Long-course swimming

Men's events

Women's events

Mixed events

Medal table
Last updated after the 2020 Summer Olympics

Marathon swimming

Events

Medal table
Last updated after the 2020 Summer Olympics

Overall medal table

Last updated after the 2020 Summer Olympics

Nations

Olympic records 

The International Olympic Committee recognize the best performances in all 35 current swimming events at the Games as Olympic records.

Notable changes to the sport
Times have consistently dropped over the years due to better training techniques and new developments within the sport.

In the first four Olympics, competitions were not held in pools, but rather in open water (1896, the Mediterranean Sea; 1900, the Seine; 1904, an artificial lake; 1906, the Mediterranean). The 1904 Olympics' races were the only ones ever measured in yards, instead of the usual metres. A 100-metre pool was built for the 1908 Olympics and was located in the centre of the main stadium's track and field oval. The 1912 Olympics, held in the Stockholm harbor, marked the beginning of electrical timing.
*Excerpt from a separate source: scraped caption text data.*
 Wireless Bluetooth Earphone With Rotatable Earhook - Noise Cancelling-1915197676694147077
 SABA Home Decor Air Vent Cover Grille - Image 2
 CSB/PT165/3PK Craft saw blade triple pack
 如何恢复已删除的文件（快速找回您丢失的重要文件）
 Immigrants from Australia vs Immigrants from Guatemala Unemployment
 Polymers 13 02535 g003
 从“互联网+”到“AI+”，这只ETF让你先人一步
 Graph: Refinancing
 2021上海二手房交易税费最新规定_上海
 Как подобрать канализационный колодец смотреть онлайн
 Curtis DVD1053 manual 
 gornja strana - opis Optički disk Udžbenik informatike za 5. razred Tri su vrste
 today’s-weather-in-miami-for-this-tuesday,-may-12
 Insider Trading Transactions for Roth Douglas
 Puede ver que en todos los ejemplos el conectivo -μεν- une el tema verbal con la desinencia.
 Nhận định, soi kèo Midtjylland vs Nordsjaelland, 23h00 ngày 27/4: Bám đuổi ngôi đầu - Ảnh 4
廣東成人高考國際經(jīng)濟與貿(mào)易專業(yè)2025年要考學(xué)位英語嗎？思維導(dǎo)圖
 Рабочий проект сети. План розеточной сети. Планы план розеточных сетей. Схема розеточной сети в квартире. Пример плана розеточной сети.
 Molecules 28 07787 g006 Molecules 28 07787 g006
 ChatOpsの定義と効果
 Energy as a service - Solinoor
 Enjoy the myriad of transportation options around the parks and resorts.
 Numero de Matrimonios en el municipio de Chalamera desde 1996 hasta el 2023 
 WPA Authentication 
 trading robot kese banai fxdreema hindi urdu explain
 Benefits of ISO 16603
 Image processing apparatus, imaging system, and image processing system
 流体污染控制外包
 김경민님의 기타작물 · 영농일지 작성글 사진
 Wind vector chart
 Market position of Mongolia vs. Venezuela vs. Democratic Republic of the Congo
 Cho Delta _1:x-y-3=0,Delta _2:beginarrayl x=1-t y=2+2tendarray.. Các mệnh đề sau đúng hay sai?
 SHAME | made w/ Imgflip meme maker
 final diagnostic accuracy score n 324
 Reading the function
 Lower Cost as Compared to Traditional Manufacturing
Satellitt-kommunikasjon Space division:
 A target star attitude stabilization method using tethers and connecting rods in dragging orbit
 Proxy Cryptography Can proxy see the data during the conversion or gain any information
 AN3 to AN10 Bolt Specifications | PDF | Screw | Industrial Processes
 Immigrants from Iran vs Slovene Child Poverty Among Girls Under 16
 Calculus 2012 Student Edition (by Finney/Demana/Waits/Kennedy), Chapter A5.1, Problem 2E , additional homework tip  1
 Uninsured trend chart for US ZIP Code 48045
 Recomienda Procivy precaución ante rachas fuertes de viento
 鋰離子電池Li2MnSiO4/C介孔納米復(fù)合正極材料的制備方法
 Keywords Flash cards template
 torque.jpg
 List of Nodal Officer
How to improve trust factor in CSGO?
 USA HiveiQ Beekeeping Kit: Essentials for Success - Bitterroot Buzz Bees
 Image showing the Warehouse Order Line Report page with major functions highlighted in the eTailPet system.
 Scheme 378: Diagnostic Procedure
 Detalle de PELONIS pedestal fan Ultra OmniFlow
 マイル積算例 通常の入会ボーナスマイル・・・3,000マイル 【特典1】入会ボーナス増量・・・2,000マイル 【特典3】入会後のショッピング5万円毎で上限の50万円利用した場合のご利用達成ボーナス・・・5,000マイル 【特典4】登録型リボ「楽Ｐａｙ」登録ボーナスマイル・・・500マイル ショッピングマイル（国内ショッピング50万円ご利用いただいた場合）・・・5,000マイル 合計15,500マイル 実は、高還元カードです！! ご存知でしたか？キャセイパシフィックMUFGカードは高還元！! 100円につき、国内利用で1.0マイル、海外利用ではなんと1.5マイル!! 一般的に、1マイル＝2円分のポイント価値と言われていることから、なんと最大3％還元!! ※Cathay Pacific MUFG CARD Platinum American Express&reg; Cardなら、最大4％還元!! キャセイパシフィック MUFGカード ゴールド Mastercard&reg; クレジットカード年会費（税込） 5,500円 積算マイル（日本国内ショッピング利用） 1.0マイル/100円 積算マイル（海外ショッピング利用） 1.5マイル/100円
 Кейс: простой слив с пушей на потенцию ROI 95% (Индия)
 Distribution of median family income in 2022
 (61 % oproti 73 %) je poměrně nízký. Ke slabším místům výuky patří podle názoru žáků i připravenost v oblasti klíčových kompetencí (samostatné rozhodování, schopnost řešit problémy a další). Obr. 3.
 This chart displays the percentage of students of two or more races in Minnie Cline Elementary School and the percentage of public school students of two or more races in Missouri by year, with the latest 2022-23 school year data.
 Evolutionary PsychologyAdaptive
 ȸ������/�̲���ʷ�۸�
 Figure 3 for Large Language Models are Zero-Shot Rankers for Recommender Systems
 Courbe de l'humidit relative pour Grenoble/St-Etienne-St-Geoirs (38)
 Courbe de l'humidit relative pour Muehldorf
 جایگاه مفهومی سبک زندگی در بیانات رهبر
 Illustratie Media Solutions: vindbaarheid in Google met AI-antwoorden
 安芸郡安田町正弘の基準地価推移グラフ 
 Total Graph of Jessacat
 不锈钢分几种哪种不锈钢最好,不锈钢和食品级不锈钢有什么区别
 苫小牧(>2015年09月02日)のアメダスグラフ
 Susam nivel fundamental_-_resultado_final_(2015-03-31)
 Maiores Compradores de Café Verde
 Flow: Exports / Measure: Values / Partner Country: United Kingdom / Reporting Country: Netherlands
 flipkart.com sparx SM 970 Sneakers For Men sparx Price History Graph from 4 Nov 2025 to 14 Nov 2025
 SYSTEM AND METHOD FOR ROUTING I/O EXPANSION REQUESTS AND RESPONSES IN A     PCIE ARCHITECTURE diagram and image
Male swimmers wore full body swimsuits up until the 1940s, which caused more drag in the water than their modern swim-wear counterparts. Also, over the years, pool designs have lessened the drag. Some design considerations allow for the reduction of swimming resistance making the pool faster. Namely, proper pool depth, elimination of waves, elimination of currents, increased lane width, energy absorbing racing lane lines and gutters, and the use of other innovative hydraulic, acoustic, illumination, and swimwear designs.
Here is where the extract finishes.